● **Exercise instructions**
Transcribe the listing below in full, exactly, with no images.

● **Source data**
- - -
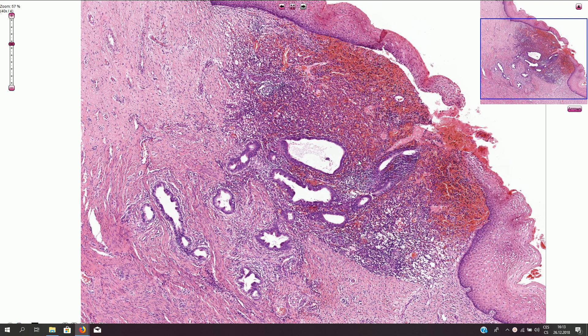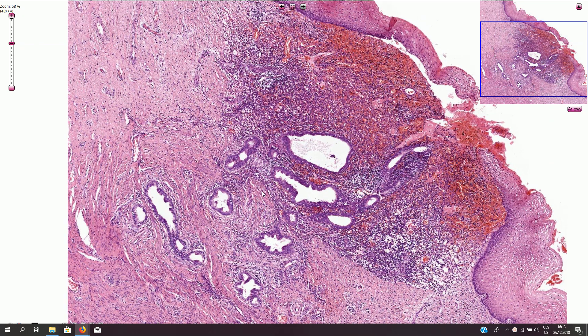In order to diagnose endometriosis morphologically, we should always see all three components.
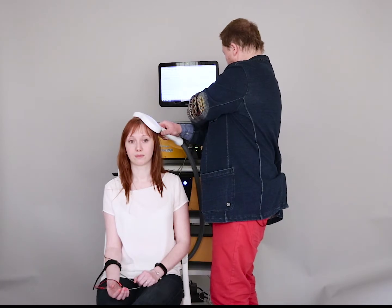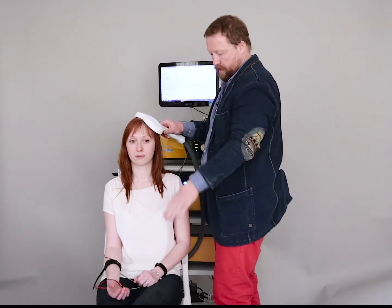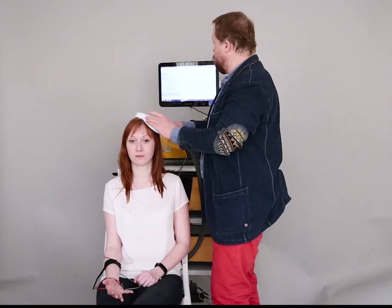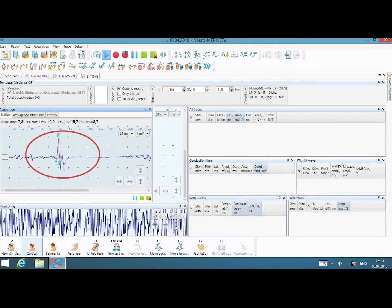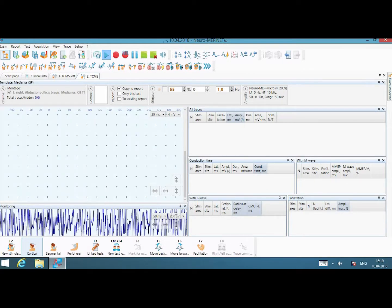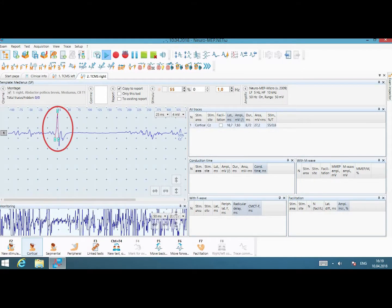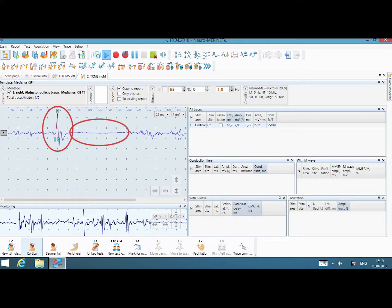And now please contract the muscle and I will deliver the stimulus during voluntary contraction. Okay. And save it. Thank you.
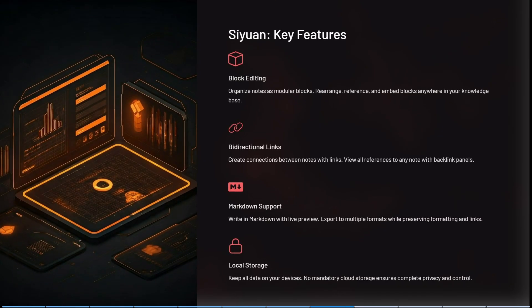You can see over here it has block editing. This allows you to organize notes as modular blocks. You can rearrange, reference, and embed blocks anywhere in your knowledge base. You can create connections between notes with links and view all references to any notes with backlink panels. It has markdown support so you can write in markdown with live preview. You can export to multiple formats while preserving formatting and links. It's got local storage so you can keep all of your data on your device with no mandatory cloud storage, which gives you privacy and control.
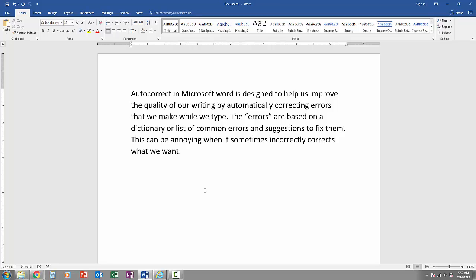AutoCorrect in Microsoft Word is designed to help us improve the quality of our writing by automatically correcting errors that we make while we type. The errors are based on a dictionary or list of common errors and suggestions to fix them. This can be annoying when it sometimes incorrectly corrects what we want.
- - -
● **Result**
In order to diagnose endometriosis morphologically, we should always see all three components.
And now please contract the muscle and I will deliver the stimulus during voluntary contraction. Okay. And save it. Thank you.
You can see over here it has block editing. This allows you to organize notes as modular blocks. You can rearrange, reference, and embed blocks anywhere in your knowledge base. You can create connections between notes with links and view all references to any notes with backlink panels. It has markdown support so you can write in markdown with live preview. You can export to multiple formats while preserving formatting and links. It's got local storage so you can keep all of your data on your device with no mandatory cloud storage, which gives you privacy and control.
AutoCorrect in Microsoft Word is designed to help us improve the quality of our writing by automatically correcting errors that we make while we type. The errors are based on a dictionary or list of common errors and suggestions to fix them. This can be annoying when it sometimes incorrectly corrects what we want.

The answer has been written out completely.